Sports Arbitration – A Specialized Playing Field

by RyanD on September 21, 2012

Sports arbitration is the process by which the player and the team meet with a neutral third party to decide on salary. Arbitration is generally a last-ditch effort to come to an agreement after usually months of disparate offers between the two parties.

How It Works

Once the parties have engaged the process, each side tries to make their case. Hard facts like statistics and overall performance from previous seasons will be weighed with injuries, time missed and the player’s length of time with the team. The uncomfortable part is when the player’s leadership abilities, general attitude, and impact to the team’s success come into play, often ruffling feathers. Comparable players’ salaries are then considered, but player and team may have very different views as to whom the player compares. The arbitrator then makes a decision based on the information laid out.

Different Leagues, Different Rules

In the NHL, each side has 90 minutes to make their case and then there are two rounds of rebuttals. 48 hours later the arbitrator hands down the decision, which the team must accept if it comes under what’s called the “walk away number.” If the decision is over that amount, the team has the option to accept or walk away. In MLB arbitration, the process is similar to the NHL’s, but the arbitrator must choose either the salary amount submitted by the player or the team.
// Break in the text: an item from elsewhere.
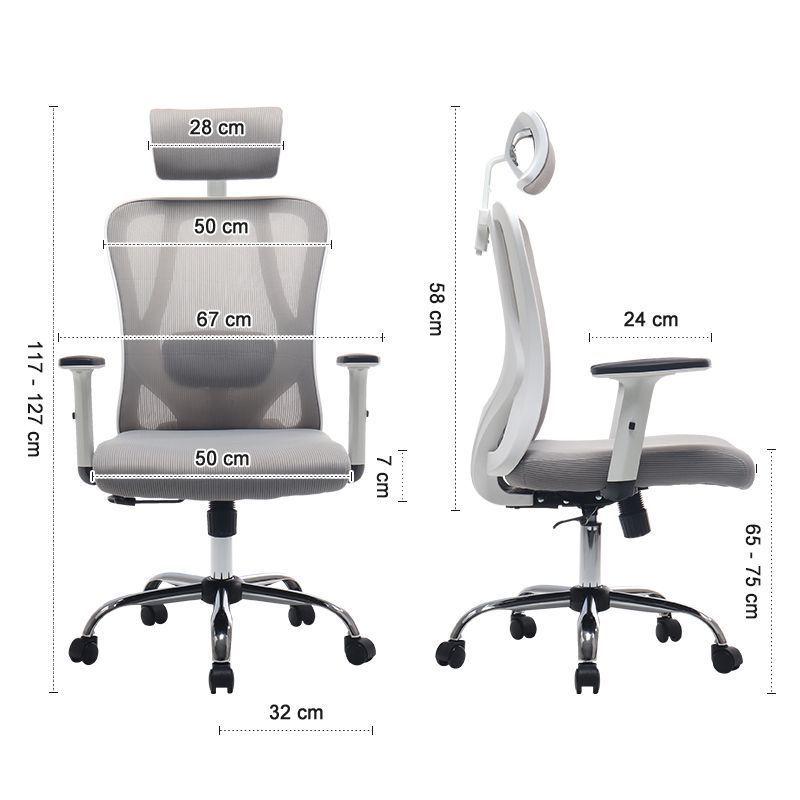 Silla De Oficina Ejecutiva Pro Con Apoya Brazos Ajustables Gris-4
If the two sides have radically different idea of worth, one side will certainly be disappointed with the ruling. The 2008 Ryan Howard ruling is one of the best examples of this, as Howard submitted $10 million over two years when the Phillies only submitted $7 million for the same period of time. The arbitrator had decided Howard deserved a salary similar to Miguel Cabrera, who was due for $7.4 million over the same timeframe, and wouldn’t accept the Phillies’ proposal because it came in under Cabrera’s salary. Thus, Howard walked away with his submission, a record at the time.

An Unfriendly Process

Franchise owners tend to try to avoid arbitration because it’s not a favorable process for the team. In the endeavor to get the arbitrator to accept their proposal, the team must list out essentially all of the faults and shortcomings of the player – a process that doesn’t necessarily warm the heart of a player already feeling undervalued by the team. In the NHL, arbitration is very rarely actually engaged, as more often the players and teams set to go to arbitration agree on an amount right before the process is set to start.
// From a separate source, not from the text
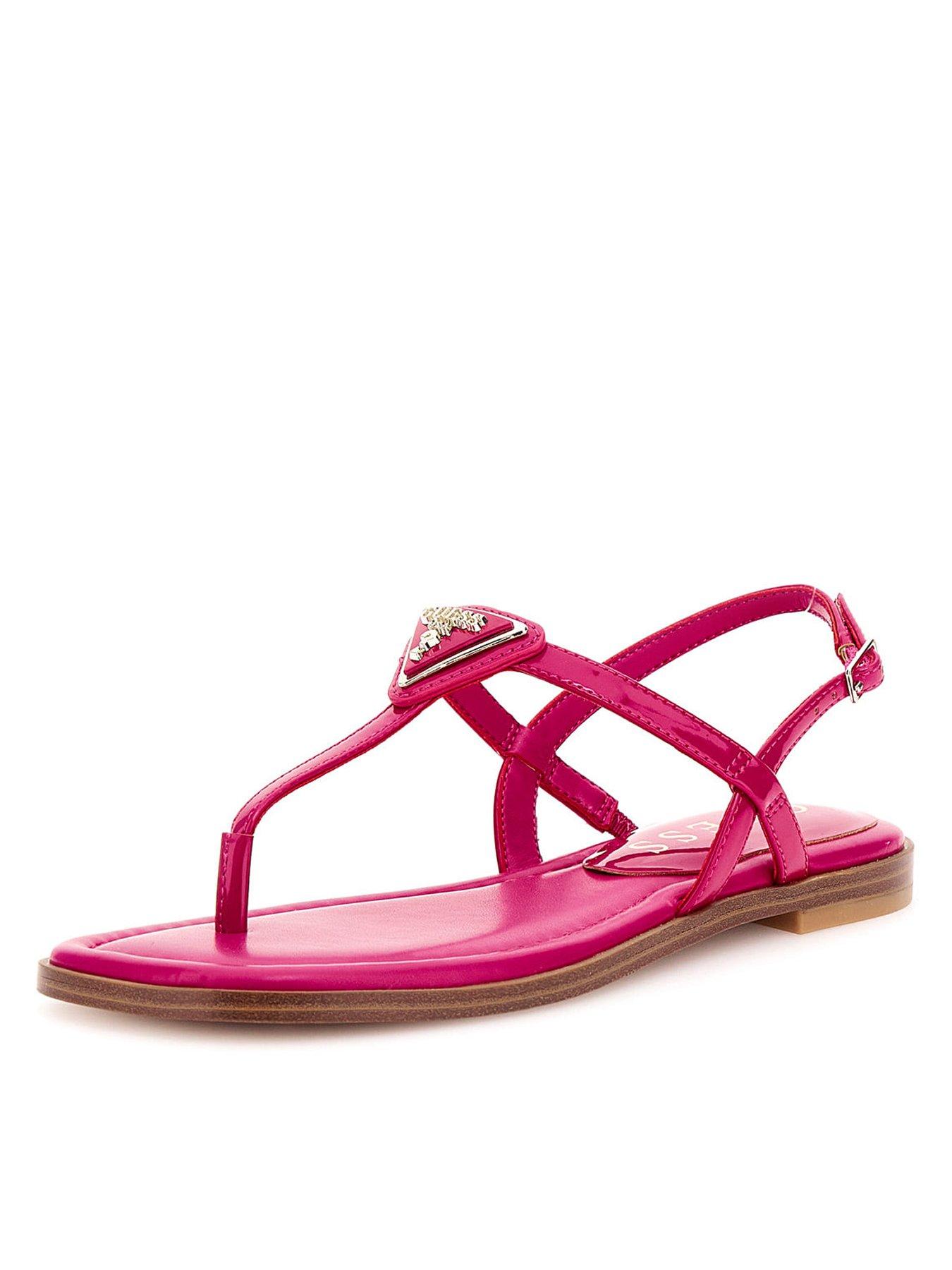 front image of guess-rainey-flat-sandal-pink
Different Types of Arbitration

In addition to individual contract arbitration, the league and player’s associations can enter into arbitration over items falling under a Collective Bargaining Agreement. Most recently, the NBA and the NBA Player’s Association entered arbitration for a decision on waived players retention of their Bird Rights, which allow a team to exceed the cap to retain their own players, if the player in question has been with the team for the previous three consecutive seasons. Traded players had retained their Bird Rights, and the union was arguing that waived players should as well, while the league wanted it reset upon waiver. Arbitration ruled in June 2012 that waived players will retain their Bird Rights. Sports arbitration is a process making headlines more and more as contracts are becoming richer and more complex. Arbitrators are first lawyers generally working in labor relations who move into the sports field after arbitrating labor cases. Sports arbitrators receive salaries commensurate with experience.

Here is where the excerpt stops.